* **Work instructions**
Copy out the lines of the listing from the one containing "Clementine Natural Oak" onward, through the last, without altering any.

* **Supplied records**

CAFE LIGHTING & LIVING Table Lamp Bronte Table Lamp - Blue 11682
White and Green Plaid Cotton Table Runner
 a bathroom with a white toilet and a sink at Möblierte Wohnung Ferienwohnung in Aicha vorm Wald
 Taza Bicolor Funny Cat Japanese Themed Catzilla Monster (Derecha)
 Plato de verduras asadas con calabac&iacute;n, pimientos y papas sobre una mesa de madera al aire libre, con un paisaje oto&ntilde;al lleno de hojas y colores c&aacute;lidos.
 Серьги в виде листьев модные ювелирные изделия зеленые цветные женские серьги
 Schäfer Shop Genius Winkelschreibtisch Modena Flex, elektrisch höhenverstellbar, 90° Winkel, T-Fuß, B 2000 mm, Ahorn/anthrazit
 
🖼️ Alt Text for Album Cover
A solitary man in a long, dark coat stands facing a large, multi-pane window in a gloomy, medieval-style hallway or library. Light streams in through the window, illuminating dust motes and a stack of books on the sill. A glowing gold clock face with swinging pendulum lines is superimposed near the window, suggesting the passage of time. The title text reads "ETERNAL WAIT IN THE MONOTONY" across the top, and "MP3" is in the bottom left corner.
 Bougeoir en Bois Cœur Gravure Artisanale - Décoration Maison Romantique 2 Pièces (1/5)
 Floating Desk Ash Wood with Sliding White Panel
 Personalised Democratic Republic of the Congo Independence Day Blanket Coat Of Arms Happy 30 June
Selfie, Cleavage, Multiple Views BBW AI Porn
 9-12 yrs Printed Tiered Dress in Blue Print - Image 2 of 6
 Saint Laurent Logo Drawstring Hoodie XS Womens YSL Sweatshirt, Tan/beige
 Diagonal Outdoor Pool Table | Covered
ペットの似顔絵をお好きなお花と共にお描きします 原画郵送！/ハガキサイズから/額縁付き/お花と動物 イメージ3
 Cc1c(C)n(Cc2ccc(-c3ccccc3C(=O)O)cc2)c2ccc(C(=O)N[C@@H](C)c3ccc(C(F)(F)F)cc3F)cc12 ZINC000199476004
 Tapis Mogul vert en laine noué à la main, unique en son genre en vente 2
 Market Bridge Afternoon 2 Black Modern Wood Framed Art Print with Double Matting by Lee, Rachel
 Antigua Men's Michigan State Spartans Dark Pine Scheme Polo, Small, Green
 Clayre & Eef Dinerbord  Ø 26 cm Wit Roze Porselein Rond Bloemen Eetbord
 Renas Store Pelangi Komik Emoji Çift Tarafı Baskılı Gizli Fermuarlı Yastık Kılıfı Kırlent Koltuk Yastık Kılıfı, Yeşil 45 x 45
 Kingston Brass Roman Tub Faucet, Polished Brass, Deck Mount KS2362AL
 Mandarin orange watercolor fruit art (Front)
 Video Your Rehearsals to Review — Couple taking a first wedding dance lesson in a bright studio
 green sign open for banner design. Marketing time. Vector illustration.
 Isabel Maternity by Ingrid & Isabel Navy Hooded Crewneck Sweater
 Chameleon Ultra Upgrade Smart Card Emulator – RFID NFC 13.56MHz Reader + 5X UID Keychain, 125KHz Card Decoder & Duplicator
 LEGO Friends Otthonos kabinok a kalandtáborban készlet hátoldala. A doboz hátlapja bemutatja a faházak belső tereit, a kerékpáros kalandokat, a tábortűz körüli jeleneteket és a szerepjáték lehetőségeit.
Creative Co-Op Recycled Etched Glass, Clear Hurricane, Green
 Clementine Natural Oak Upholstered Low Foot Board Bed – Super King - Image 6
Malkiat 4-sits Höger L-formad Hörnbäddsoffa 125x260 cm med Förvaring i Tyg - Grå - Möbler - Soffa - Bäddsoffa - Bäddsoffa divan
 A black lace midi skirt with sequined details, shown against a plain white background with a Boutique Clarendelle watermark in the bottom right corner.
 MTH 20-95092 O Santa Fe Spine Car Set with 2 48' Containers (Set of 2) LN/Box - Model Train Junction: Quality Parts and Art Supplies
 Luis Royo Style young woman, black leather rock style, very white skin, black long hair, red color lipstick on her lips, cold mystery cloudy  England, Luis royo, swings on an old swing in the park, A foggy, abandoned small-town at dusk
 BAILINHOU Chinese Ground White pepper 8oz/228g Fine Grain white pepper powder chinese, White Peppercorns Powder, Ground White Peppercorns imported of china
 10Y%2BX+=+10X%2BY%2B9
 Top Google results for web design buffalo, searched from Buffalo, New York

* **Response to this exercise**
 Clementine Natural Oak Upholstered Low Foot Board Bed – Super King - Image 6
Malkiat 4-sits Höger L-formad Hörnbäddsoffa 125x260 cm med Förvaring i Tyg - Grå - Möbler - Soffa - Bäddsoffa - Bäddsoffa divan
 A black lace midi skirt with sequined details, shown against a plain white background with a Boutique Clarendelle watermark in the bottom right corner.
 MTH 20-95092 O Santa Fe Spine Car Set with 2 48' Containers (Set of 2) LN/Box - Model Train Junction: Quality Parts and Art Supplies
 Luis Royo Style young woman, black leather rock style, very white skin, black long hair, red color lipstick on her lips, cold mystery cloudy  England, Luis royo, swings on an old swing in the park, A foggy, abandoned small-town at dusk
 BAILINHOU Chinese Ground White pepper 8oz/228g Fine Grain white pepper powder chinese, White Peppercorns Powder, Ground White Peppercorns imported of china
 10Y%2BX+=+10X%2BY%2B9
 Top Google results for web design buffalo, searched from Buffalo, New York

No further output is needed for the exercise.